Lo scriviamo con chiarezza: dopo Mani Pulite (che si sviluppò grazie alle confessioni e alle chiamate in correità), tutte le più importanti inchieste di cronaca nera, di mafia, di politica, di criminalità economica, si sono fondate sulle intercettazioni. Ne consegue che chi vuole ridurne l’uso, intende tagliare le unghie a magistrati e inquirenti. E finisce per fare un favore ai delinquenti. Ma le intercettazioni, oltre a essere uno strumento investigativo insostituibile per accertare i reati e punire i malfattori, ci hanno raccontato un pezzo nascosto del potere. Hanno svelato comportamenti penalmente irrilevanti ma eticamente censurabili e illuminato un lato oscuro del Paese.

Così, ad esempio, grazie alle captazioni sappiamo che in Italia esistono imprenditori che a poche ore da un devastante terremoto già si leccano i baffi pensando a come arricchirsi sugli appalti. È il 6 aprile 2008, L’Aquila è al centro di un disastro, Francesco Maria Piscicelli dice al cognato: “Io ridevo stamattina alle 3 e mezzo dentro il letto”. E ride anche al telefono. E sempre grazie alle intercettazioni, abbiamo saputo che la ministra delle Infrastrutture Paola De Micheli (non indagata) chiese informazioni, su input del dirigente della Juve e amico Fabio Paratici, “per accelerare” (termine da lei usato) l’iter della cittadinanza di Luis Suarez: “La Juventus mi chiede notizie di questa richiesta di cittadinanza. Mi aiuteresti??”, chatta con l’allora capo di gabinetto dell’Interno, Bruno Frattasi. Così nel 2015 il ministro alle Infrastrutture Maurizio Lupi, nemmeno indagato nell’inchiesta ‘Sistema’ che lo mise al centro di uno scambio di favori – vestiti per sé, Rolex al figlio – con alcuni imprenditori, si dimise quando furono svelate le sue telefonate al dirigente del ministero in favore del figlio. “Tra un quarto d’ora ti mando questo (…) a fare due chiacchiere?… Nel senso di avere consulenze e suggerimenti eccetera… Viene mio figlio Luca”. Senza arrivare agli audio di Nicole Minetti, l’igienista dentale all’epoca consigliera regionale della Lombardia, interessanti per comprendere come si faceva carriera in Forza Italia e come si conquistava la simpatia di Berlusconi. “Porto gli occhiali da vista e il reggicalze, così quando mi tolgo tutto ho l’intimo sexy”, dice a un’amica con cui prepara una cena elegante in Villa San Martino con l’ex Cav. Per capire, invece, le dinamiche affaristiche romane non c’è documento migliore dell’intercettazione di Massimo Carminati del 12 dicembre 2012: “È la teoria del mondo di mezzo compa’…. ci stanno… come si dice.. i vivi sopra e i morti sotto e noi stiamo nel mezzo (…) ci sta un mondo… un mondo in mezzo in cui tutti si incontrano”. È il nerbo di Mafia Capitale, colossale inchiesta sugli appalti di Roma, culminata in condanne anche senza l’aggravante mafiosa.

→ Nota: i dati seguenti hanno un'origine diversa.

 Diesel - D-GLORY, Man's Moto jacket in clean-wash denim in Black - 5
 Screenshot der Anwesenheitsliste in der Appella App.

Ecco perché va rispedita al mittente una delle decine fake news propalate dai loro detrattori, ministro Nordio in cima: che troppe conversazioni vanno a finire sui giornali solo per rovinare l’immagine delle persone coinvolte. Nulla di meno esatto. Negli ultimi venti anni, il Garante ha sanzionato appena una ventina di violazioni della privacy tramite la pubblicazione di intercettazioni irrilevanti per il diritto di cronaca. E la riforma Bonafede, con la creazione di un archivio riservato presso ogni Procura e il divieto di trascrizioni di conversazioni non rilevanti, pare aver risolto il problema alla radice.

Va peraltro detto che il centrodestra che fomenta questa polemica è lo stesso che, quando è utile alla sua causa, non si fa scrupoli a diffondere intercettazioni. Su Il Giornale di B. fu pubblicata la telefonata di Fassino con Consorte che stava per costare la sconfitta dell’Ulivo nel 2006: “Ma allora abbiamo una banca”? E sullo stesso quotidiano fu spiattellata una telefonata tra Carlo Giuliani e i suoi genitori per mettere in cattiva luce il ragazzo morto al G8 di Genova: erano estrapolate da un’indagine su un traffico di droga. Una delle poche pubblicazioni sanzionate dal Garante perché era un “dialogo strettamente privato”, relativo a “intime considerazioni su delicati aspetti relativi al proprio figlio, nonché le preoccupazioni sulle conseguenze che avrebbero potuto derivare da alcuni suoi comportamenti”.